Born in Goa in 1924, Souza moved to what was then Bombay in his teens with his widowed mother, who worked as a dressmaker to support the family. He grew up in poverty, once recalling the conditions of his Goa home, he stated: “There was no table. I had to squat on a mat to write and paint and eat my food. The floor was overlaid with a thick paste of cow-dung spread manually in a pattern of semi-concentric circles. There were little toads in every hole in the walls, and the corners seemed tied together by strings of cobwebs.” A reference to this description is seen in ‘The Family’ as a huge white toad rests by the family’s feet, next to empty utensils and what looks like plain white rice.

In 1940, Souza enrolled at Sir J.J. School of Art. Although he excelled as a student, he was expelled for participating in the Quit India Movement and protesting against the then-British dean of the college, Charles Gerrard. “This was an important inflection point for him,” Vazirani explains, “It was a transformative period in his life that happened to coincide with very significant changes in India’s political and social landscape.” Souza’s own political leanings were never ambiguous. In 1947, the artist became a member of the Communist Party of India. “His work depicted the struggles of the poor and those living on the margins of society,” expands Vazirani, “He also criticised their oppressors, whether they were capitalists, the bourgeoisie, or the departing colonial class. There was definitely critique in his work because of his political leanings.” This influence of the Communist Party was apparent in the titles of his pieces such as ‘The Criminal and the Judge are Made of the Same Stuff’. In fact, ‘The Family’ is believed to have originally been titled ‘After Working in the Field All Day, We Have No Rice to Eat’.
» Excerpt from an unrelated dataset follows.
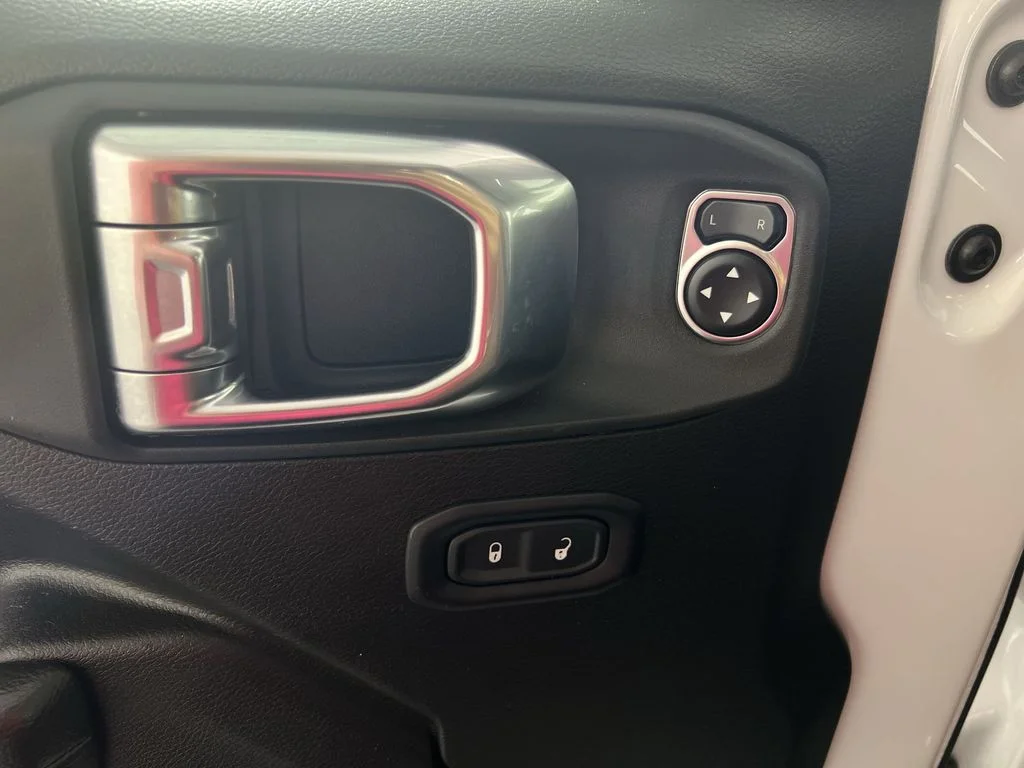 Used 2025 White Jeep Sport S image 15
1947 was also the year in which Souza founded the Bombay Progressive Artists’ Group. “There are many stories about how the group was founded and Souza is the one who takes credit for it,” Vazirani explains, “He always told me, ‘I brought them together.’ He talked about this instant when he was walking under a ladder and M.F. Husain was painting something up on that ladder and dropped paint on him. And that’s how they met and he asked him to join the Progressive Artists’ Group. It included S.H. Raza, who he knew from J.J. School of Art.”
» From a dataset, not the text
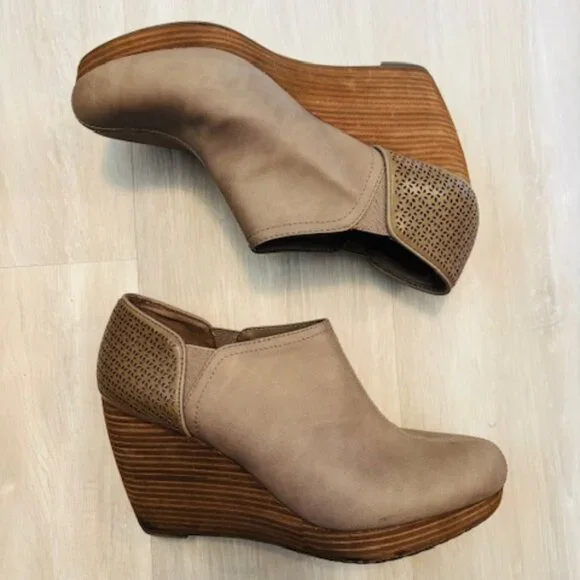 Dr. Scholls Taupe Harlow Wedge Booties size 11 - Picture 3 of 7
Although short-lived, the group had a great impact on India’s art landscape as they shifted away from the academic realism being taught in Indian art schools to explore a modern Indian identity. As the new born nation came into its own, so did its artists. In 1949, Souza quit the Communist Party after their constant restrictions on his artistic freedom. Declaring that he could not paint for others, only for himself, he left for London, where he would go on to gain great success. “Before he left for London, though, he had a solo show at the Bombay Art Society which was a big deal in those days,” Vazirani shares, “Some criticised him, saying he shouldn’t be using art as a medium for social critique. But no one could deny the raw power of these images and the fact that they were a turning point in Modern Indian art.”